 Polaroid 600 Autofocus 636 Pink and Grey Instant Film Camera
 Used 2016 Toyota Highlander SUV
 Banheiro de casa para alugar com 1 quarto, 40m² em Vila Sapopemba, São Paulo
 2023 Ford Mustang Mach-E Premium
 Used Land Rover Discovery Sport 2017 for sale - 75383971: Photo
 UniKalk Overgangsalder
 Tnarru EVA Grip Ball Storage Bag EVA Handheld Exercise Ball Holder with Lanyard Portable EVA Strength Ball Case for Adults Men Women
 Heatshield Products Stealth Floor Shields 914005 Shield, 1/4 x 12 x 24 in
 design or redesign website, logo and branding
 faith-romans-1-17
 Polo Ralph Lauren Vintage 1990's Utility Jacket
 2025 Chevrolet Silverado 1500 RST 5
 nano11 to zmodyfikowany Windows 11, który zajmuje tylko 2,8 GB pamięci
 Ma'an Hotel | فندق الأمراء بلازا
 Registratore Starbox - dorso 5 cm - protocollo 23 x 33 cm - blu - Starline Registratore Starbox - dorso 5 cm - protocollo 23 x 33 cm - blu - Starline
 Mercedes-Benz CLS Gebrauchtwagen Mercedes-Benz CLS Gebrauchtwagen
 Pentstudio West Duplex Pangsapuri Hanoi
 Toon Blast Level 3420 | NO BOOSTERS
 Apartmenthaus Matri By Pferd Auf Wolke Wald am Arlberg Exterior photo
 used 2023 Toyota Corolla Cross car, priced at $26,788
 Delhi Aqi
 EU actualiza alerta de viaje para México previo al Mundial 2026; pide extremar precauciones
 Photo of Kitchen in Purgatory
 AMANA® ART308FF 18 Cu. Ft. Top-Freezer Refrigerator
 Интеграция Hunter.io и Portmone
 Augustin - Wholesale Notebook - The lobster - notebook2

§ **Task statement**
Copy, exactly as written, the lines above, beginning with the one that contains "nano11 to zmodyfikowany" and ending with the last.

§ **Task solution**
 nano11 to zmodyfikowany Windows 11, który zajmuje tylko 2,8 GB pamięci
 Ma'an Hotel | فندق الأمراء بلازا
 Registratore Starbox - dorso 5 cm - protocollo 23 x 33 cm - blu - Starline Registratore Starbox - dorso 5 cm - protocollo 23 x 33 cm - blu - Starline
 Mercedes-Benz CLS Gebrauchtwagen Mercedes-Benz CLS Gebrauchtwagen
 Pentstudio West Duplex Pangsapuri Hanoi
 Toon Blast Level 3420 | NO BOOSTERS
 Apartmenthaus Matri By Pferd Auf Wolke Wald am Arlberg Exterior photo
 used 2023 Toyota Corolla Cross car, priced at $26,788
 Delhi Aqi
 EU actualiza alerta de viaje para México previo al Mundial 2026; pide extremar precauciones
 Photo of Kitchen in Purgatory
 AMANA® ART308FF 18 Cu. Ft. Top-Freezer Refrigerator
 Интеграция Hunter.io и Portmone
 Augustin - Wholesale Notebook - The lobster - notebook2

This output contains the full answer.